START Dataset section
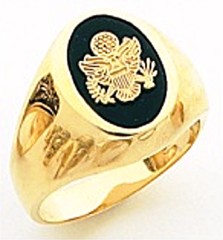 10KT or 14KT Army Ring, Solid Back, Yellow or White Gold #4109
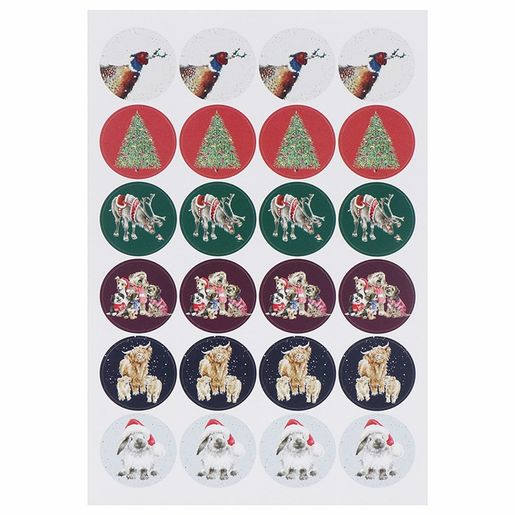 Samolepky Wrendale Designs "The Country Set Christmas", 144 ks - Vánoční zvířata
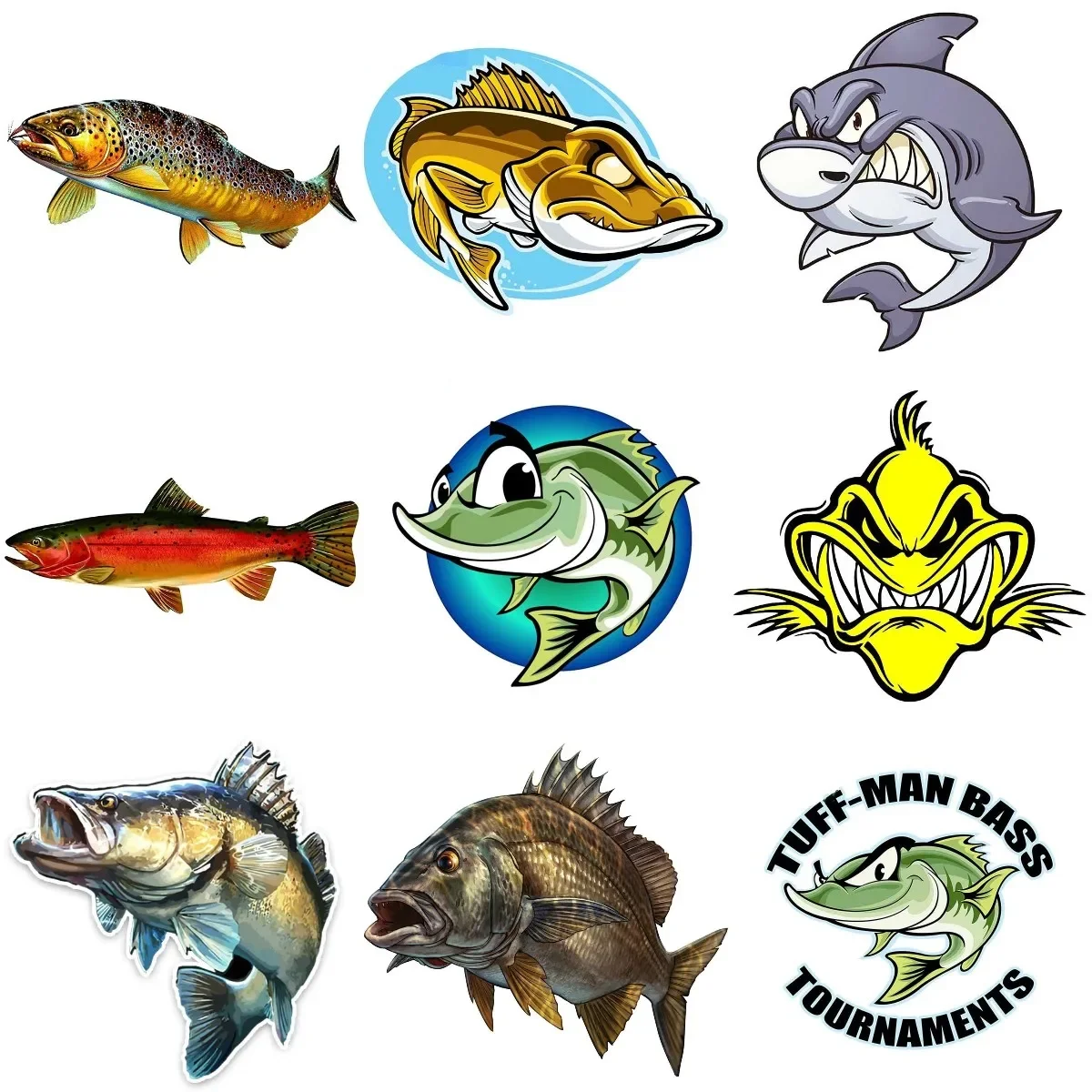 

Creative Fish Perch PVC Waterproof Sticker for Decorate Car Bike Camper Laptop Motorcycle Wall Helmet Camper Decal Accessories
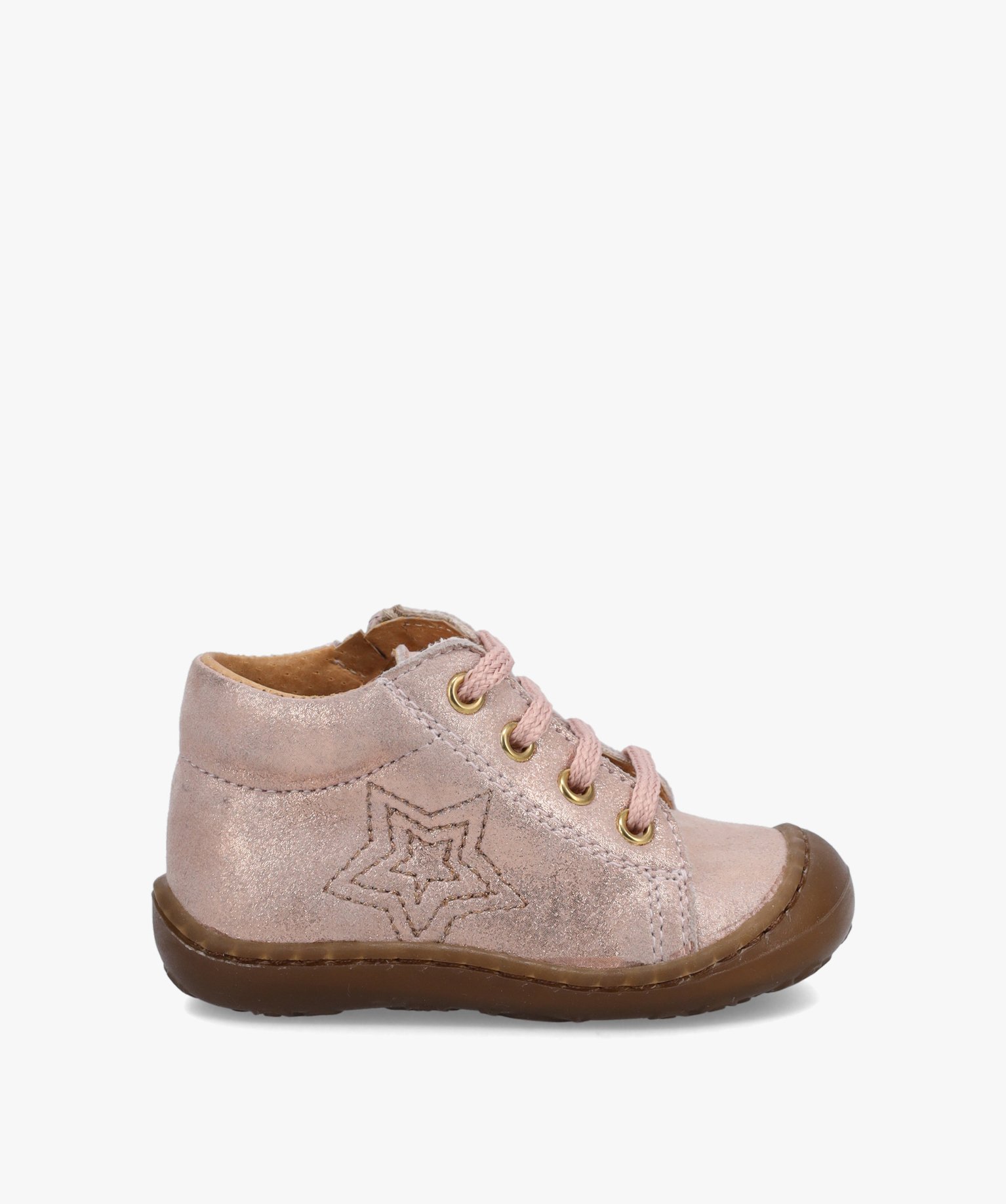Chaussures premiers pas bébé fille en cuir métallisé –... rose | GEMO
END Dataset section
Once the pictures are removed, output the remaining material exactly.

* Answer space:
 10KT or 14KT Army Ring, Solid Back, Yellow or White Gold #4109
 Samolepky Wrendale Designs "The Country Set Christmas", 144 ks - Vánoční zvířata

Creative Fish Perch PVC Waterproof Sticker for Decorate Car Bike Camper Laptop Motorcycle Wall Helmet Camper Decal Accessories
Chaussures premiers pas bébé fille en cuir métallisé –... rose | GEMO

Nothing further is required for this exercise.